▸ **WHAT IS REQUIRED**:
Would you return, word for word, the lines of the data below from the line with "Obsidian round beads" through the line with "Flaxseed Oil 2000Mg", and no others?

▸ **PROVIDED RECORDS**:
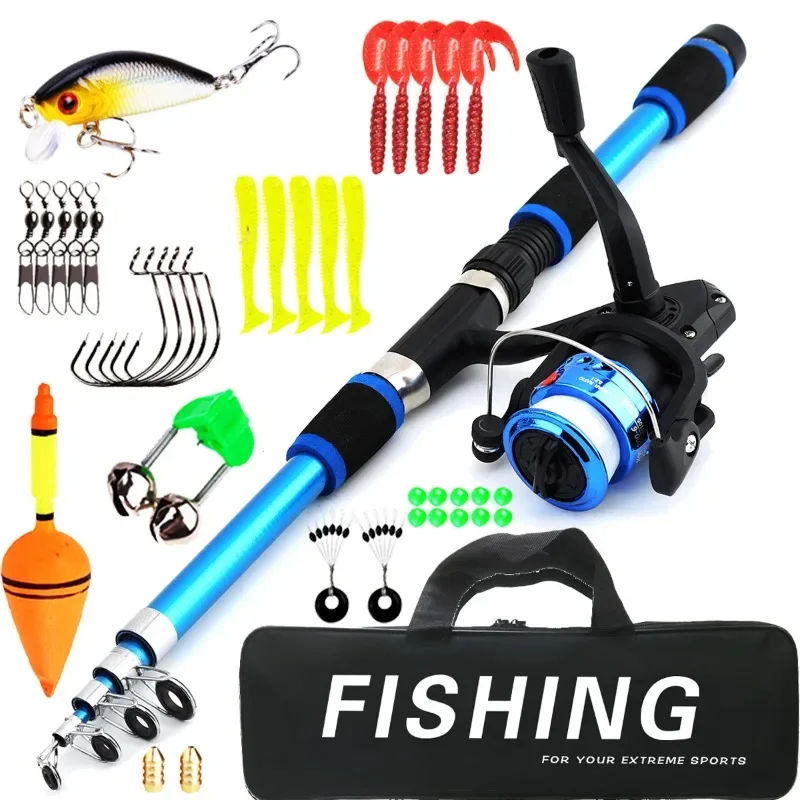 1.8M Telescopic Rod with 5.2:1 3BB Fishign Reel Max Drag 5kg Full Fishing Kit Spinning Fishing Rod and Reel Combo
...
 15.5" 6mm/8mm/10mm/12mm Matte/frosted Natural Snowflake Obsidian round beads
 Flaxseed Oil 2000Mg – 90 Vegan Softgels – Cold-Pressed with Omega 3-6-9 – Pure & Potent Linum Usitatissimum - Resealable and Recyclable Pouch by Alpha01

▸ **WRITTEN RESPONSE**:
 15.5" 6mm/8mm/10mm/12mm Matte/frosted Natural Snowflake Obsidian round beads
 Flaxseed Oil 2000Mg – 90 Vegan Softgels – Cold-Pressed with Omega 3-6-9 – Pure & Potent Linum Usitatissimum - Resealable and Recyclable Pouch by Alpha01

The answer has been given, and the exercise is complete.